* **EXERCISE**
What are the lines from the one with "QED XT5 Power" through the end of the records below, written out exactly and without the pictures?

* **MATERIAL SHOWN**
******
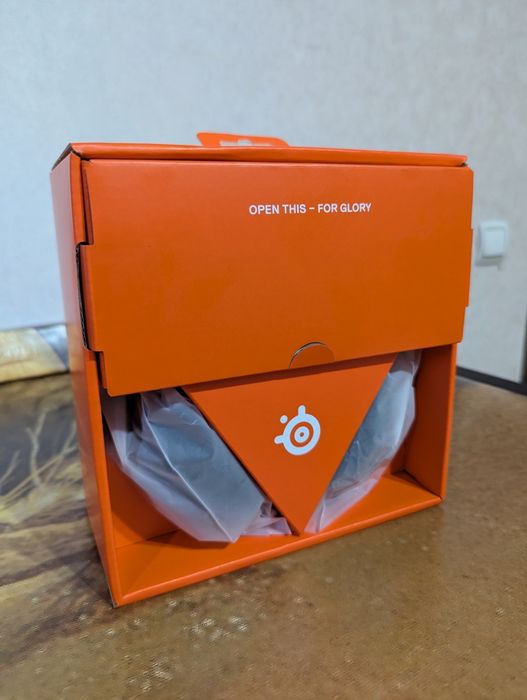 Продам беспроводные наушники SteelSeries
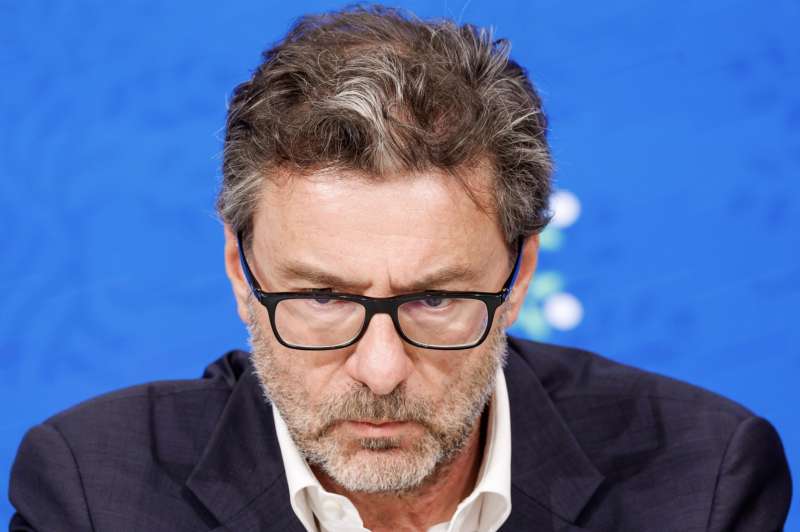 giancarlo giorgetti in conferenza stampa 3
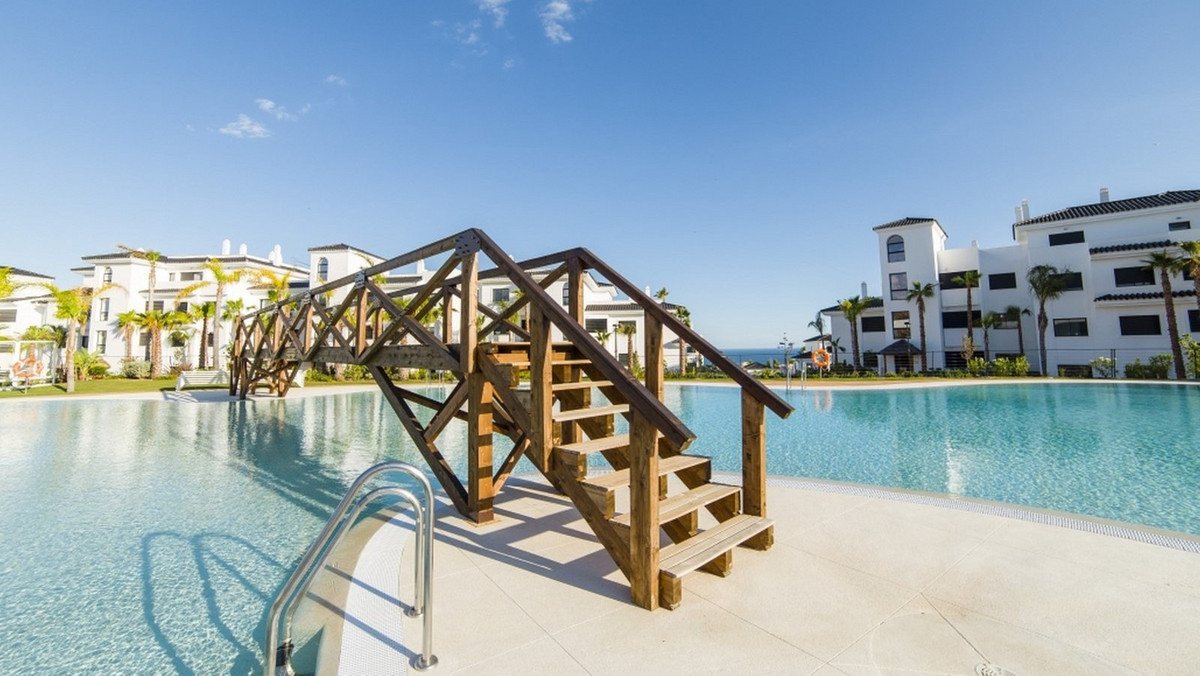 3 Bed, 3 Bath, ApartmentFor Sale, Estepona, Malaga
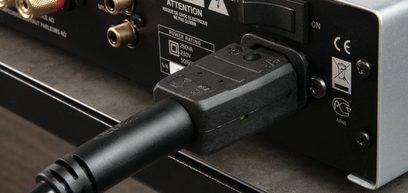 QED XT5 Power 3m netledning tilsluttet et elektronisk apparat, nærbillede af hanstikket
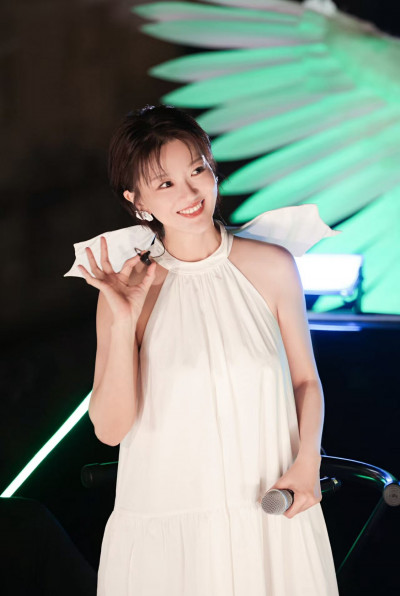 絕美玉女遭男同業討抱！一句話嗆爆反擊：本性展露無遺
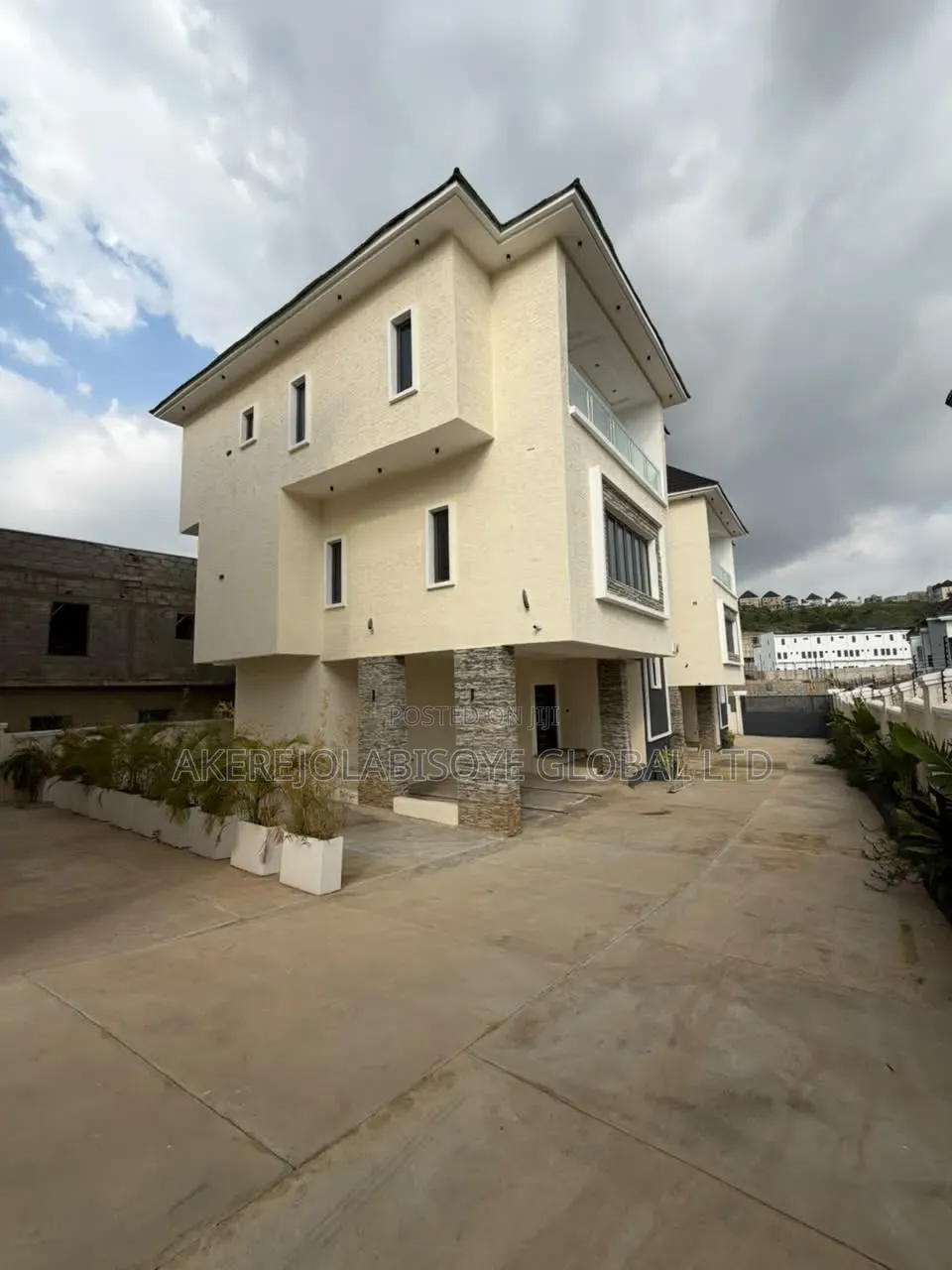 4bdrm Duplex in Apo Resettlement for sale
******
* **RESPONSE BOX**
 QED XT5 Power 3m netledning tilsluttet et elektronisk apparat, nærbillede af hanstikket
 絕美玉女遭男同業討抱！一句話嗆爆反擊：本性展露無遺
 4bdrm Duplex in Apo Resettlement for sale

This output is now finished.